The idea that free tuition is targeted at the poor is ludicrous. This is not means tested free tuition being talked about. This is across the board free tuition which applies to whoever gets in and for the most part "whoever gets in" = "children of rich parents." The will always be a few exceptions to the rule, but the general rule remains that those with well off parents go to college while those with poor parents do not.

Free college for those with good enough grades and high enough test scores to get in and no college for those without is a blueprint for how to promote inequality.

Ignoring that many people who know they will never afford college or university don't ever apply for it.

And also ignoring that many colleges exist (or should exist) as trade schools for careers that may not need the highest educated people, but do need hard working people who are properly trained. Which, again, many people don't even try for because they need to start working in low-end jobs as soon as they can just to get by.

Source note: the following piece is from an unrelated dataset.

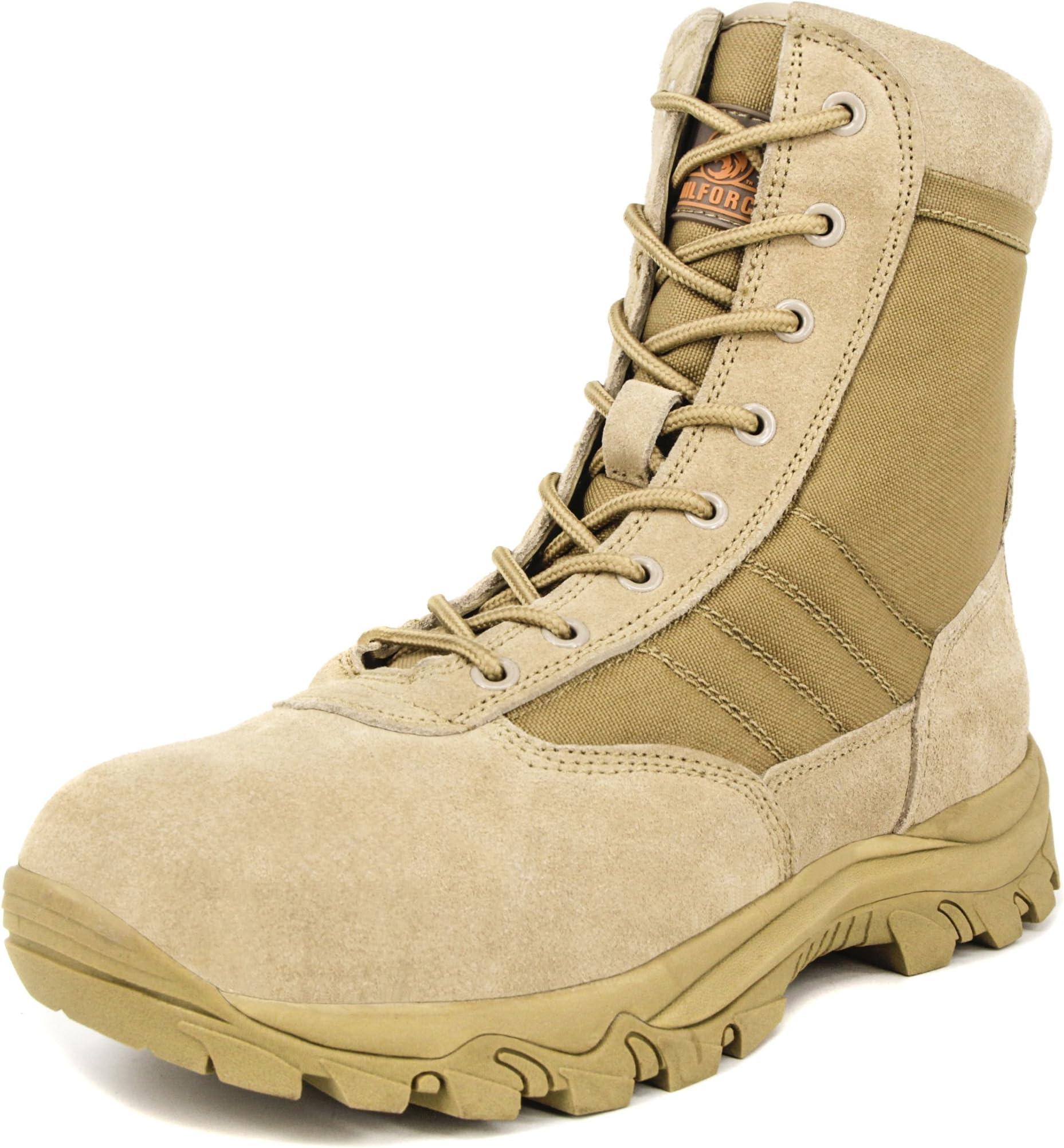Milforce Men’s 8 inch Military Tactical Boots Lightweight Combat Desert Shoes with Side Zipper, Sand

Would these trade schools be open to the public? If so then I am fine with subsidizing tuition. What I am against are subsidies aimed at elite colleges with elaborate admissions systems designed to weed out anyone unlikely to succeed.
If we are talking about education aimed at the bottom 65% that anyone is welcome to sign up for, then I am in favour. I am in favour of free high school, but not free elite colleges.


Your position makes no sense.

You want public funding for things that will help everybody.

College is currently for "privileged elites only". The only way that this statement makes sense is if you are referring to the fact that only the financially privileged (those that can afford it) can go to college.

So, to remove that "privileged elite" status, people are proposing that college should be free, which breaks down a major barrier for poor people entering college.

And yet you oppose this.

If a college is willing to abandon its admissions process and become public (as in open to the public like public high school) then I am in favour. Community College and trade schools are fine.

Any institution that takes significant government money should be open to anyone. The very fact that this isn't a thing right now is part of the reason why tuition fee's have gotten completely out of control.

Wat, no. that's not. Especially in regards to the UC system.